Si l'on tient compte du fait que Majzoub est lui-même artiste, architecte et écrivain - en plus d'être l'éditeur de l'ouvrage - son écriture fleurie réfute les hypothèses selon lesquelles un texte sur l'architecture devrait être aride ou technique. son écriture florissante réfute les hypothèses selon lesquelles un texte sur l'architecture devrait être aride ou technique. Riche en citations philosophiques, en images exquises et en documents d'archives rares, l'ouvrage de Majzoub rend justice à l'esprit pionnier et poétique de Khammash et offre aux lecteurs l'art de la narration arabe. Dirigé par le graphiste iranien primé Reza Abidini, ce livre de format table basse est un exemple de formation.
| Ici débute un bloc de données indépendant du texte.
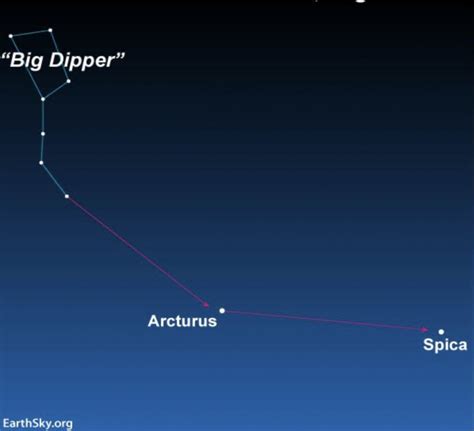 Arcturus The Brightest Star Of The Northern Sky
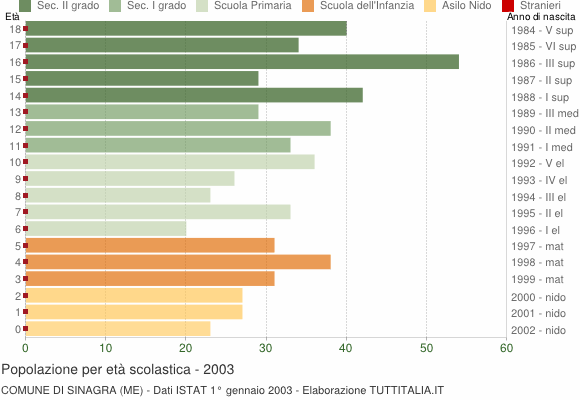 Grafico Popolazione in età scolastica - Sinagra 2003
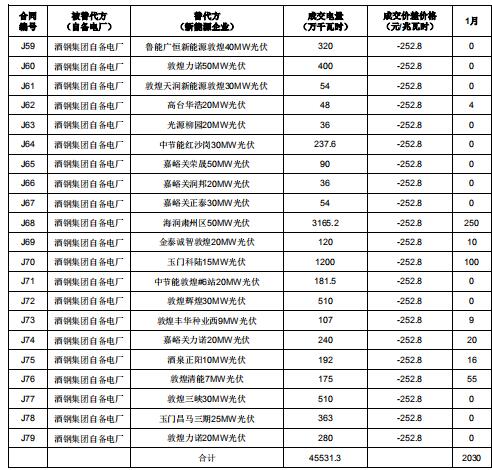 2019年度酒鋼（集團）有限責(zé)任公司自備電廠與新能源發(fā)電企業(yè)發(fā)電權(quán)置換交易：成交電量4.6億度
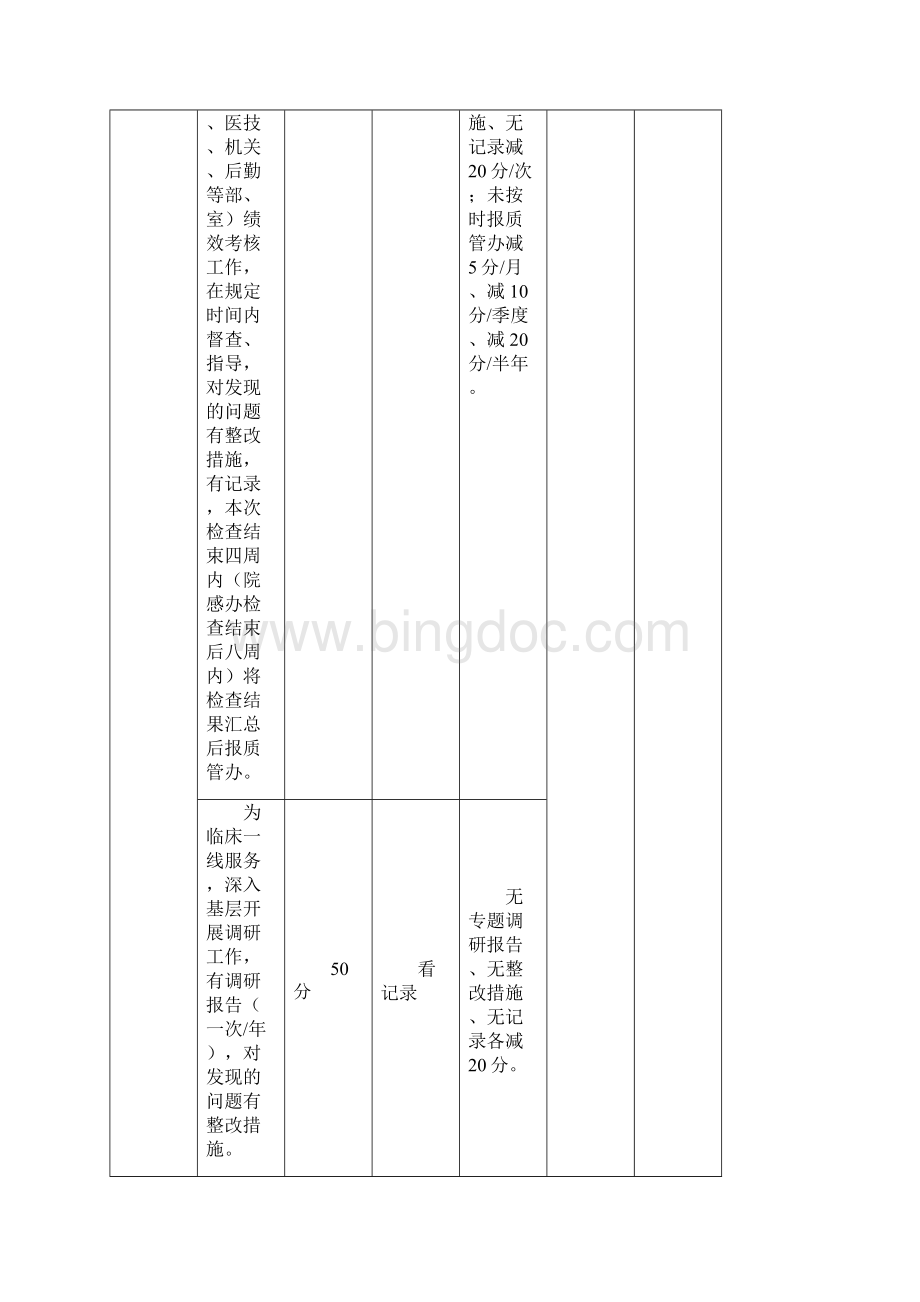 机关部室绩效考核标准1000分.docx_第2页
Il s'agit d'une présentation méticuleuse de la construction, de la fonctionnalité et de la beauté, accompagnée d'un glossaire en postface qui confirme le texte. Un glossaire en postface confirme la valeur éducative et esthétique du texte.

Notes sur la formation affirme que l'architecture dans le monde arabe est en fin de compte appelée à soulever des questions, à contourner les règles et à forger des liens plus solides entre le passé et le présent. En positionnant l'architecture comme une force disciplinaire pour le changement dans la région, il fournit, selon Majzoub, "une pédagogie publique très attendue". La création de nouveaux espaces municipaux tout en préservant les sites du patrimoine culturel ouvre la voie à des conversations critiques sur la collaboration, la transmission culturelle et les relations humaines avec l'environnement, les changements climatiques et les sociétés au sein et au-delà du Moyen-Orient, de l'Afrique du Nord et de l'Asie du Sud-Ouest.

 

*Ammar Khammash : Notes sur la formationédité par Raafat Majzoub, fait partie de la série de livres semestriels de Dongola. En 2022 et 2023, Dongola a lancé trois projets : Zarathoustra de Reza Abedini à la Galerie Tanit à Beyrouth ; Ambit à la Station de Beyrouth avec le British Council Lebanon ; et DAS 01 à Darat Al Funun à Amman.

Mischa Geracoulis est journaliste et rédactrice en chef. Elle est rédactrice en chef adjointe de The Markaz Review et fait partie du comité de rédaction de Censored Press. Son travail se situe à l'intersection de l'éducation critique aux médias et à l'information, de l'éducation aux droits de l'homme, de la démocratie et de l'éthique. Ses recherches portent notamment sur le génocide arménien et la diaspora, la vérité dans les reportages, les libertés de la presse et de l'enseignement, l'identité et la culture, ainsi que sur les multiples facettes de la condition humaine. Les travaux de Mischa ont été publiés dans Middle East Eye, openDemocracy, Truthout, The Guardian, LA Review of Books, Colorlines, Gomidas Institute et National Catholic Reporter, entre autres. Elle tweete @MGeracoulis.